* TASK TO COMPLETE *
Leave the pictures out. Retype exactly the lines below from the one containing "Hi, I'm Jason" through the one containing "Thank you so", and no others.

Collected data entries
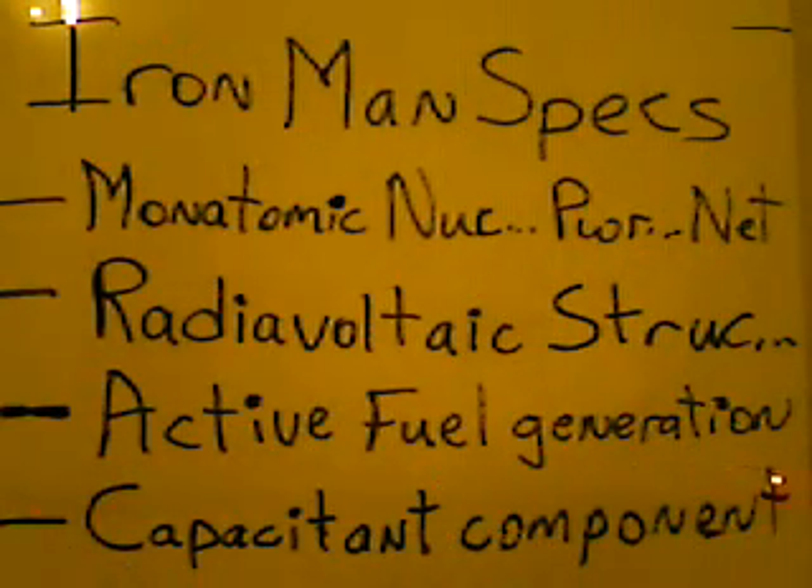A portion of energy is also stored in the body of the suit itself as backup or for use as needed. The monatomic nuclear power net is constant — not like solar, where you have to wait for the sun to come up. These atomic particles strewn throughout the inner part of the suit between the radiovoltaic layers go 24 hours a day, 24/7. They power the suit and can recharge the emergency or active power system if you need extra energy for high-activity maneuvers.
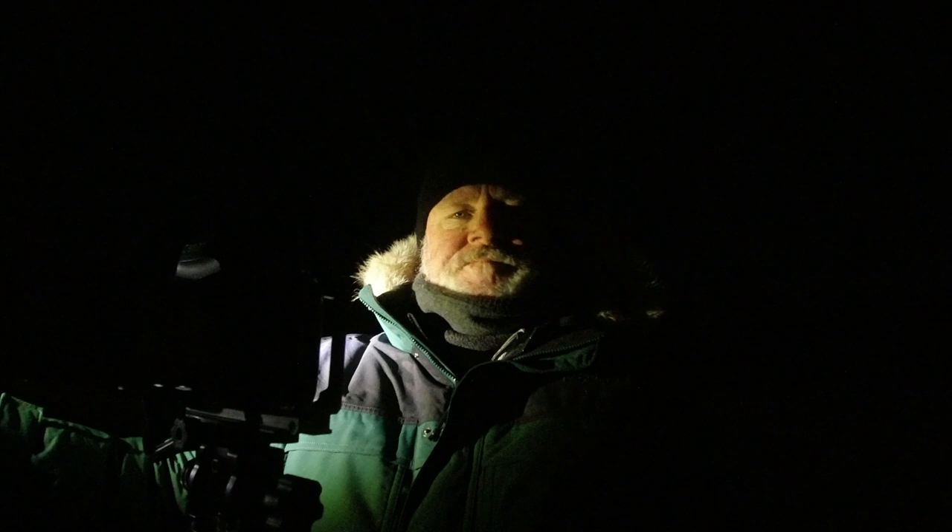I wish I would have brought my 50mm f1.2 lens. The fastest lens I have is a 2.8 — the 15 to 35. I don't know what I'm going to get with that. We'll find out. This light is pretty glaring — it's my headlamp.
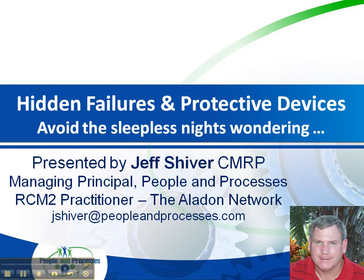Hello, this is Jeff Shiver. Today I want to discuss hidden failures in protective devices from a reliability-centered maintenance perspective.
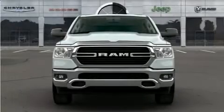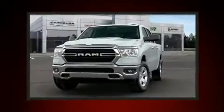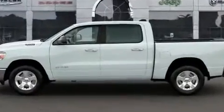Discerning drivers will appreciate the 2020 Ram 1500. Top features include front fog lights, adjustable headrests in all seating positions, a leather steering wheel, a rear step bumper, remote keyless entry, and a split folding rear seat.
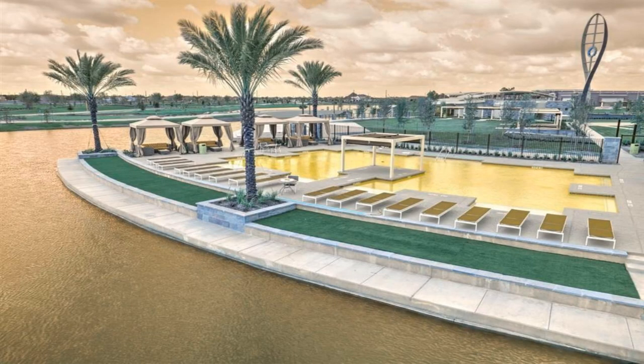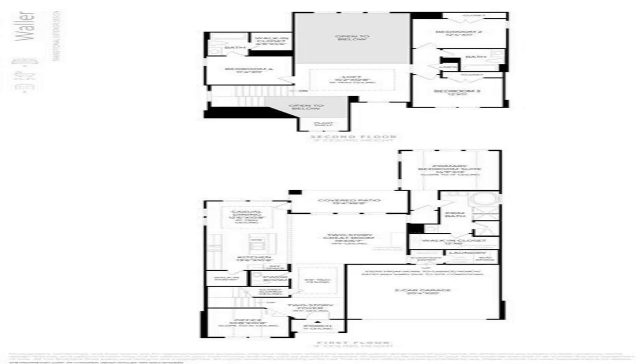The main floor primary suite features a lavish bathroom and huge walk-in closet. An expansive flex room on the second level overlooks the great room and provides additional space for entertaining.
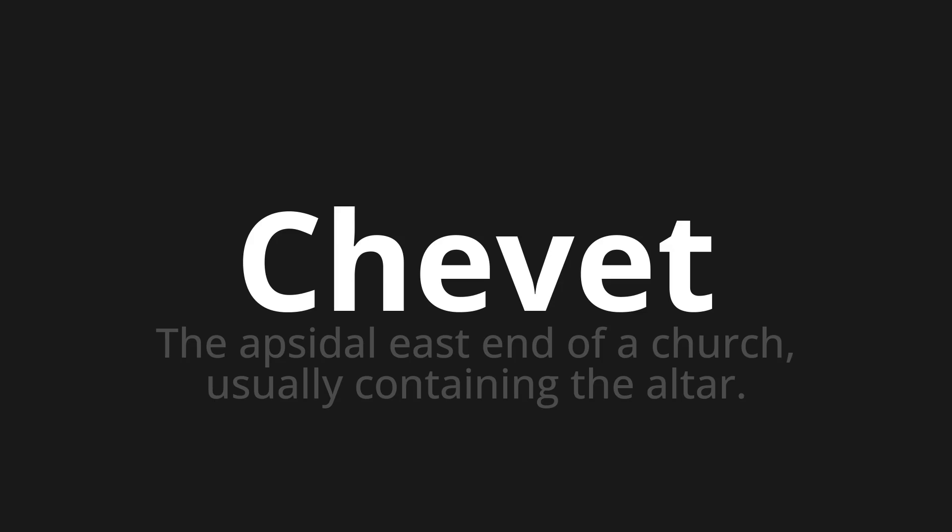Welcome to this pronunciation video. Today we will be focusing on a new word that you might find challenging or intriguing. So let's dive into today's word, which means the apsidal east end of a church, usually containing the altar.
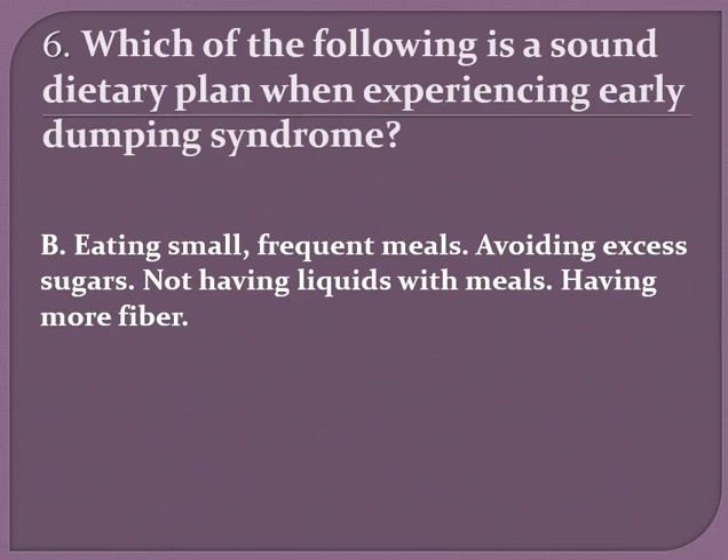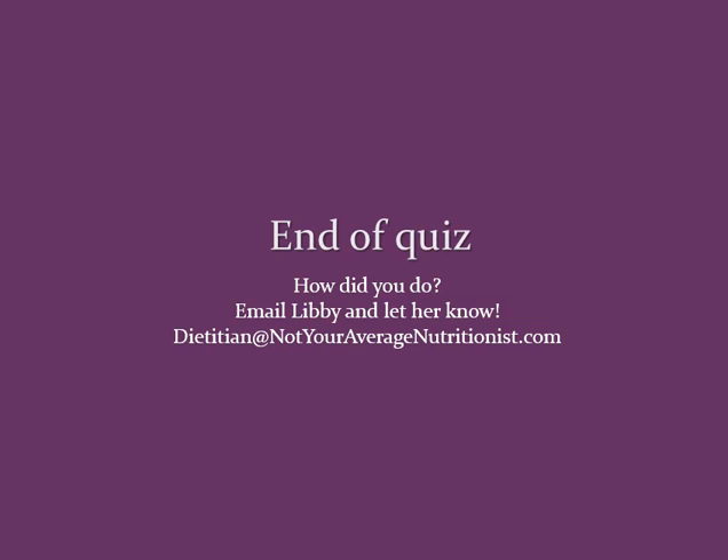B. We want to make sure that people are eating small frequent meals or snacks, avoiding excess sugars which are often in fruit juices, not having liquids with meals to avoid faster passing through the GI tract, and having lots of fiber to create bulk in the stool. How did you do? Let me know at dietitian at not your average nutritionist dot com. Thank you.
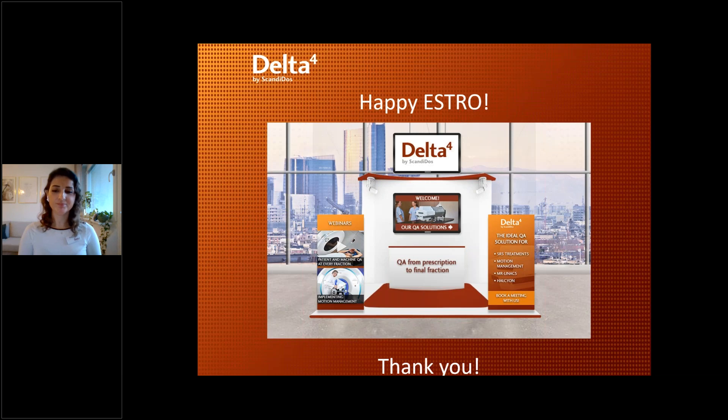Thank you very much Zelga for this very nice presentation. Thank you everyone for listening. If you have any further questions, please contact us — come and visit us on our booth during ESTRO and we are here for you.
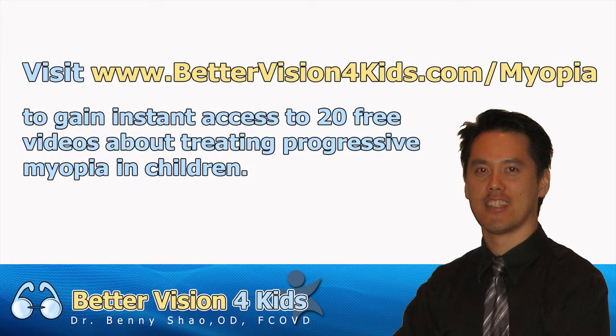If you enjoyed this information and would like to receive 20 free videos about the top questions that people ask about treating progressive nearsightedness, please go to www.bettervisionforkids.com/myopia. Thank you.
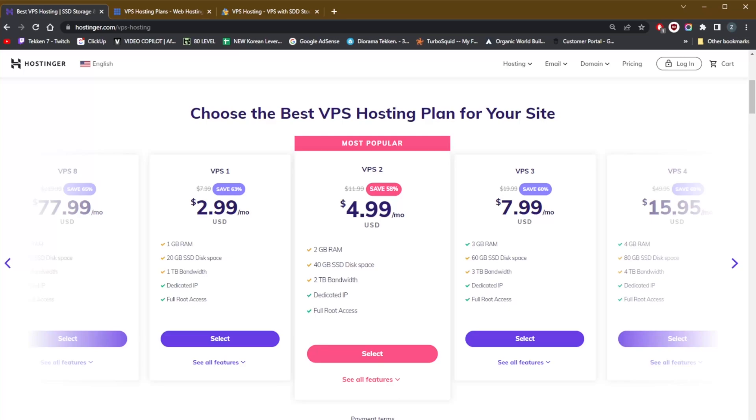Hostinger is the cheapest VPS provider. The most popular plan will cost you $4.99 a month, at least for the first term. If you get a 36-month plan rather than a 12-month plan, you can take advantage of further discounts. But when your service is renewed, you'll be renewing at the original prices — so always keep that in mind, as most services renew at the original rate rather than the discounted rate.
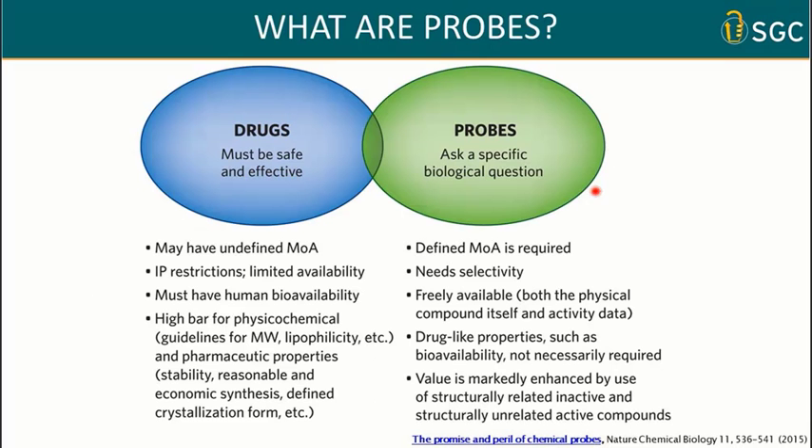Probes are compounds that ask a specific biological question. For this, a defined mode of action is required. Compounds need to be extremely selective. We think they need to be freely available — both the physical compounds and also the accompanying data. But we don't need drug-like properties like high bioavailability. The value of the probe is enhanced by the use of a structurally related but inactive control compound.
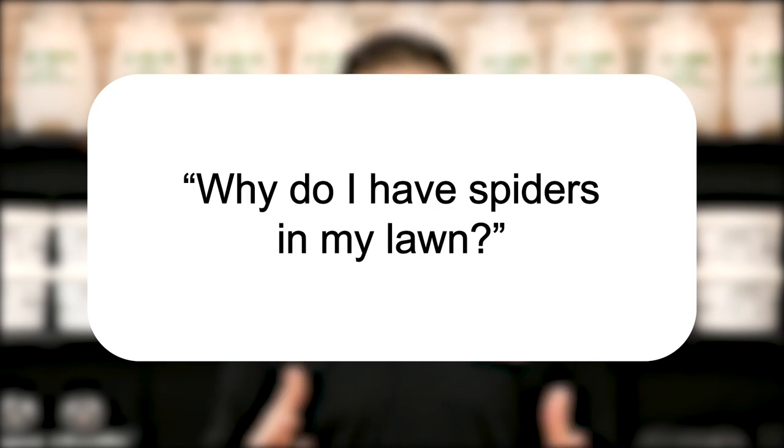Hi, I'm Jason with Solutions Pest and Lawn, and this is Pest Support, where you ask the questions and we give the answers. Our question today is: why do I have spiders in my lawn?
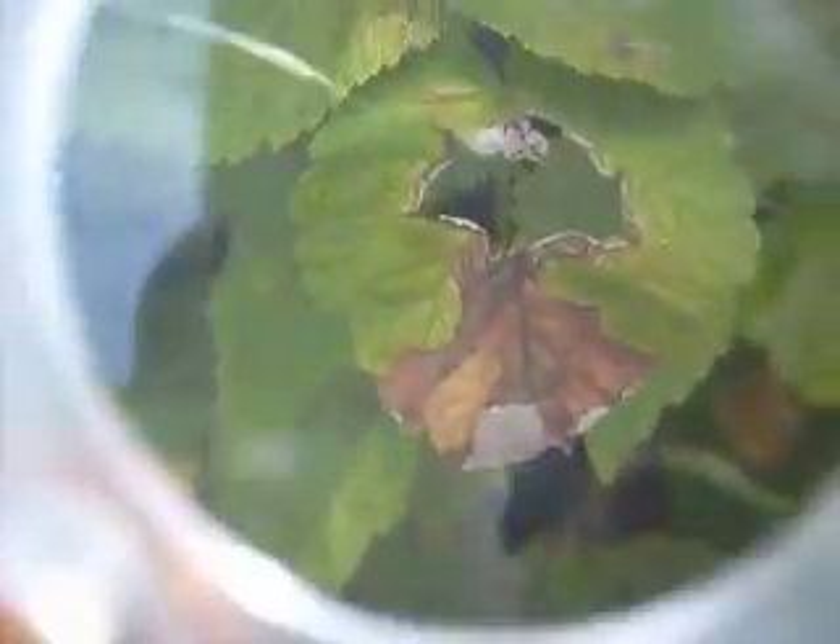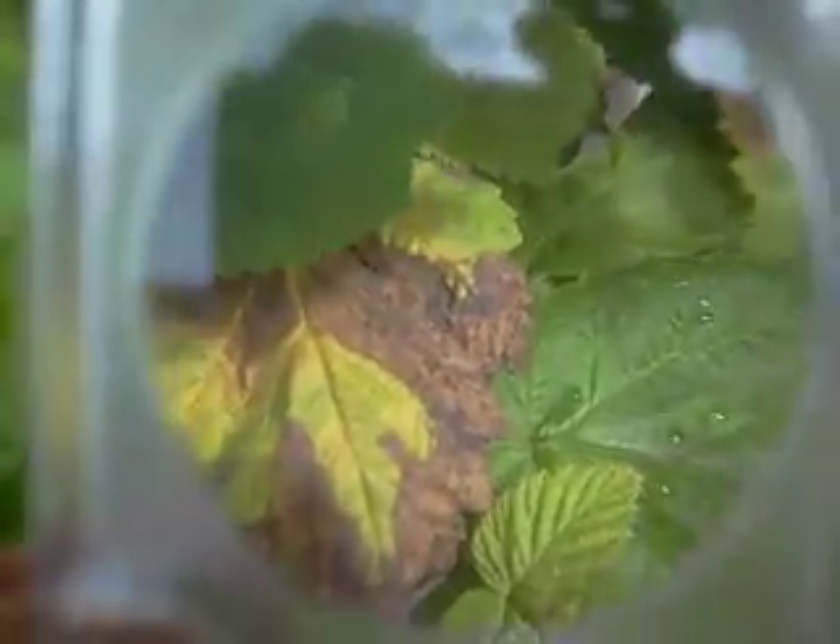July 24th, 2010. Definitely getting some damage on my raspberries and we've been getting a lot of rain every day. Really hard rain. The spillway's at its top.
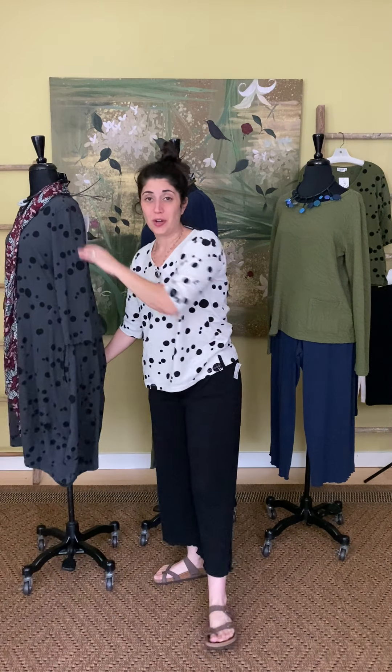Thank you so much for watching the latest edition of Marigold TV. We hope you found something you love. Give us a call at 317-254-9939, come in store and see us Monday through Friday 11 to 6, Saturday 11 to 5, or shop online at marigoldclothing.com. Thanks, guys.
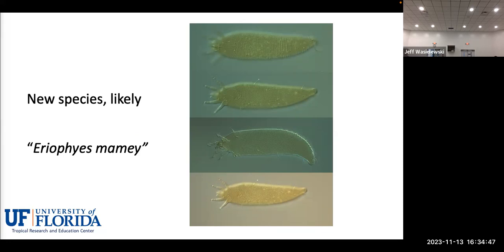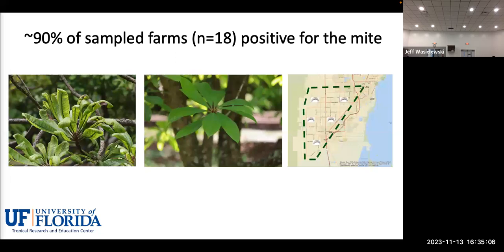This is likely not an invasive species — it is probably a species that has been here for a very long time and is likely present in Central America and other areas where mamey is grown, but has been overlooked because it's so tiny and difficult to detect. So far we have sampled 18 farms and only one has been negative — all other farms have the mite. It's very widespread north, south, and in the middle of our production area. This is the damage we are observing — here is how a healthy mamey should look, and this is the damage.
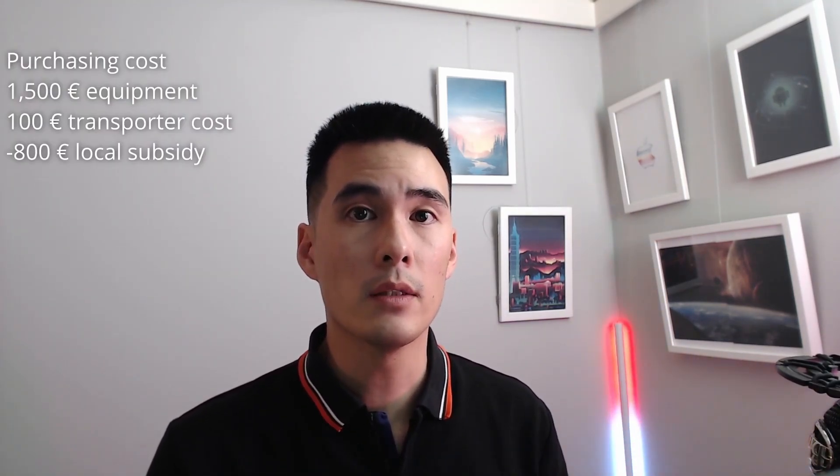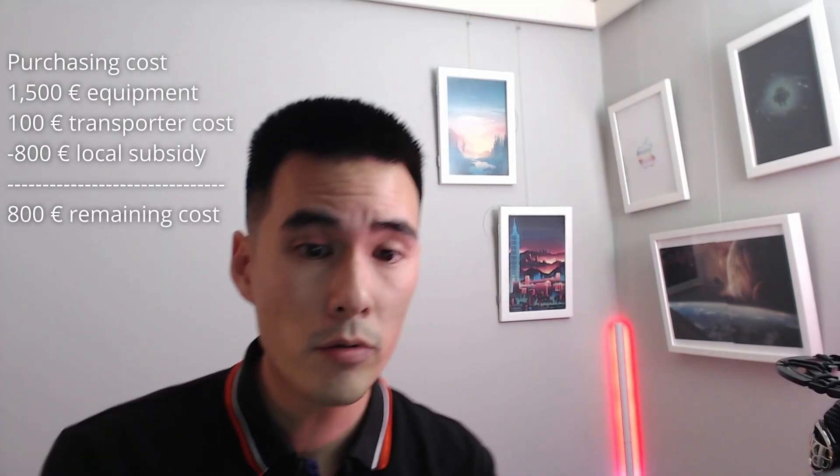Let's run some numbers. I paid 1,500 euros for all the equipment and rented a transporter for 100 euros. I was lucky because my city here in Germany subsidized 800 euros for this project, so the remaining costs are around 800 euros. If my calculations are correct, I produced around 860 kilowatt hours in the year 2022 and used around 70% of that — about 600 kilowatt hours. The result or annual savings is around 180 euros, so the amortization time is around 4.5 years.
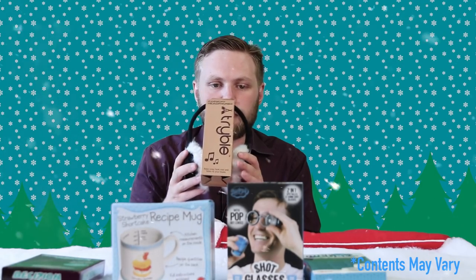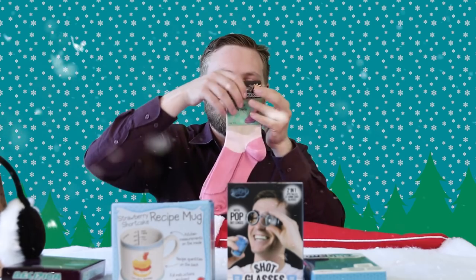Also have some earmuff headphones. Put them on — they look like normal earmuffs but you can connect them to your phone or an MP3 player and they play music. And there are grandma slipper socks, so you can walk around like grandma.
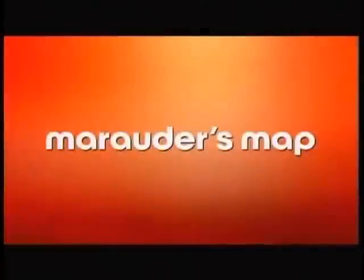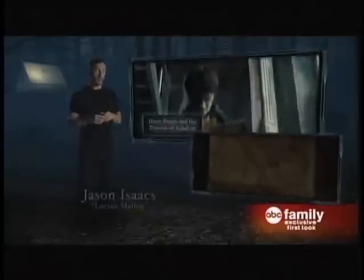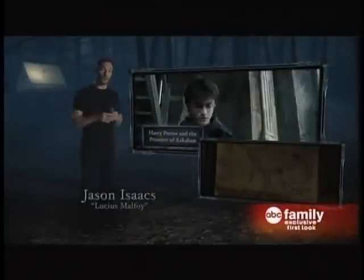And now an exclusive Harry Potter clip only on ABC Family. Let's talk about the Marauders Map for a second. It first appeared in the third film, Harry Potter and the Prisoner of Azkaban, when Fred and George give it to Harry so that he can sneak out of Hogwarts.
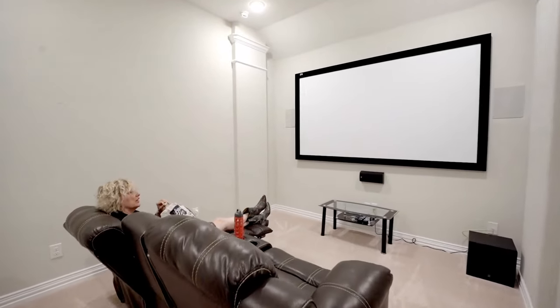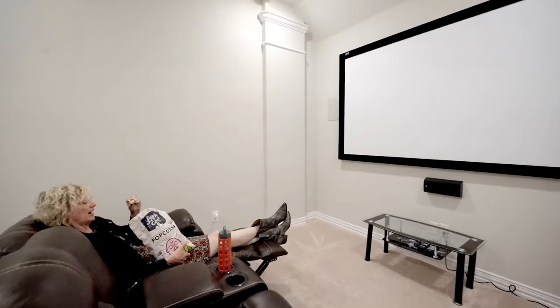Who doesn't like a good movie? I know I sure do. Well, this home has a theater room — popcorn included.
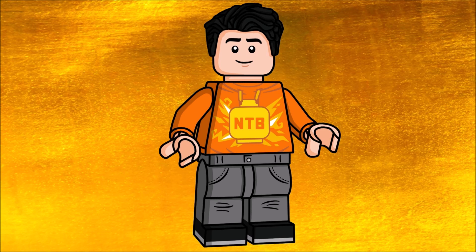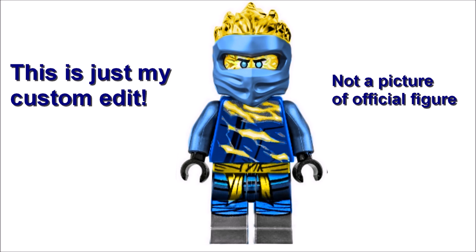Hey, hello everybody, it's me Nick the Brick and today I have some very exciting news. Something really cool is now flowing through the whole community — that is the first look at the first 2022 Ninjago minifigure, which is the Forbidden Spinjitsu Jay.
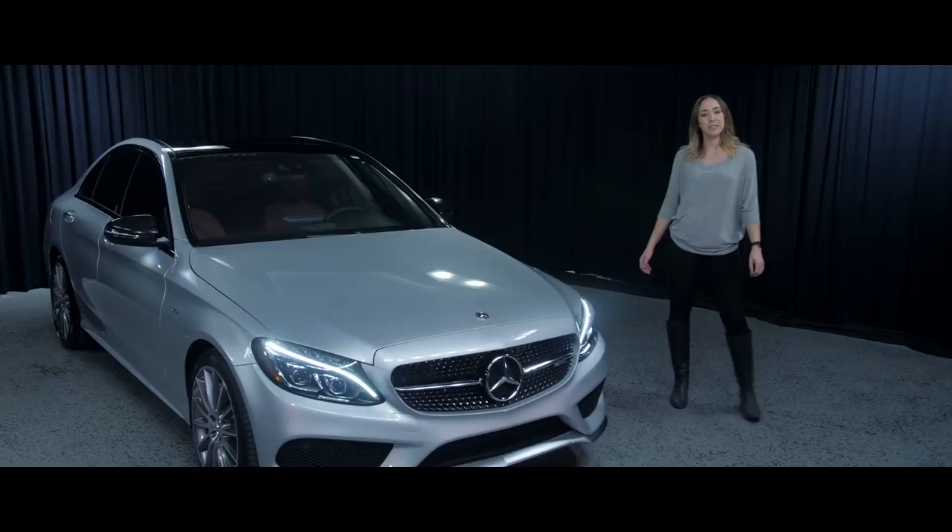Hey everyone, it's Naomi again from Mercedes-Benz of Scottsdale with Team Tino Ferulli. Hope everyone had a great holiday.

* TASK RESULT *
Hi, I'm Jason with Solutions Pest and Lawn, and this is Pest Support, where you ask the questions and we give the answers. Our question today is: why do I have spiders in my lawn?
July 24th, 2010. Definitely getting some damage on my raspberries and we've been getting a lot of rain every day. Really hard rain. The spillway's at its top.
Thank you so much for watching the latest edition of Marigold TV. We hope you found something you love. Give us a call at 317-254-9939, come in store and see us Monday through Friday 11 to 6, Saturday 11 to 5, or shop online at marigoldclothing.com. Thanks, guys.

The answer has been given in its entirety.